### Activity
Reproduce the listing exactly. Omit pictures.

### The data
═══

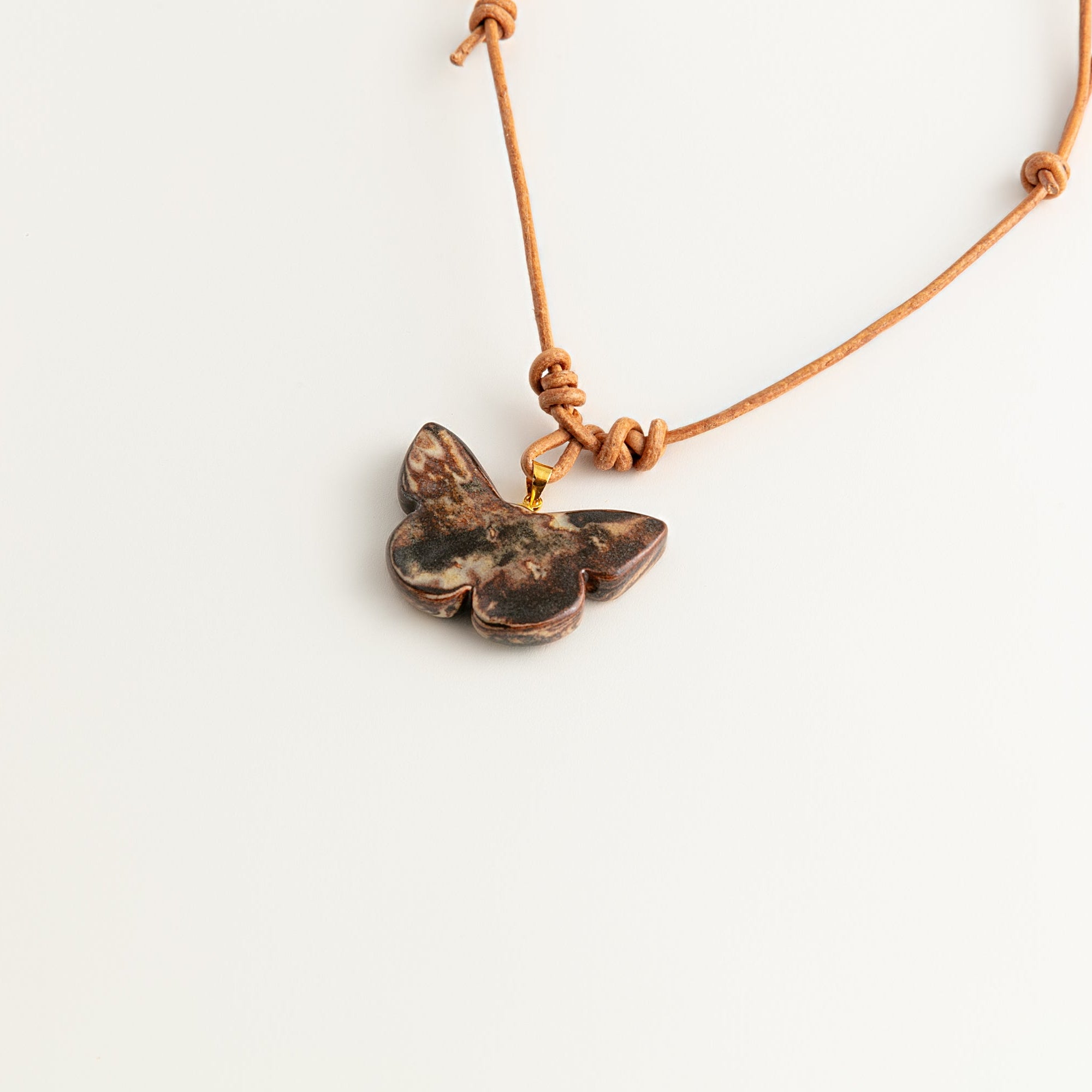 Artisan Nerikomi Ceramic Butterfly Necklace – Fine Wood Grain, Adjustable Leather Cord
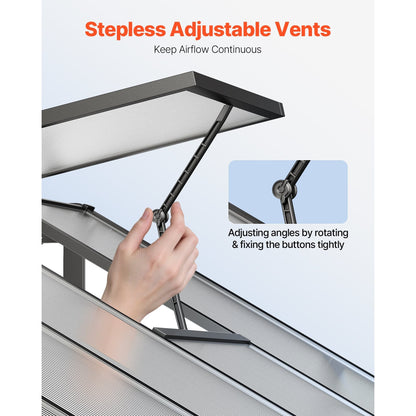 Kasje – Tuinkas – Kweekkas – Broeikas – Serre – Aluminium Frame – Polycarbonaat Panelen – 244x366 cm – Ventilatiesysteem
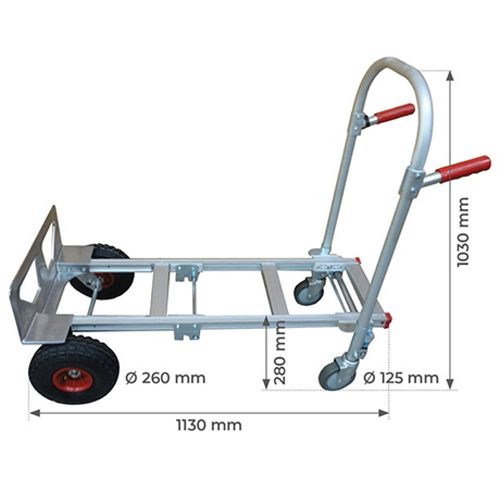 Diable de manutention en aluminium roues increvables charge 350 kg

═══

### Written response
 Artisan Nerikomi Ceramic Butterfly Necklace – Fine Wood Grain, Adjustable Leather Cord
 Kasje – Tuinkas – Kweekkas – Broeikas – Serre – Aluminium Frame – Polycarbonaat Panelen – 244x366 cm – Ventilatiesysteem
 Diable de manutention en aluminium roues increvables charge 350 kg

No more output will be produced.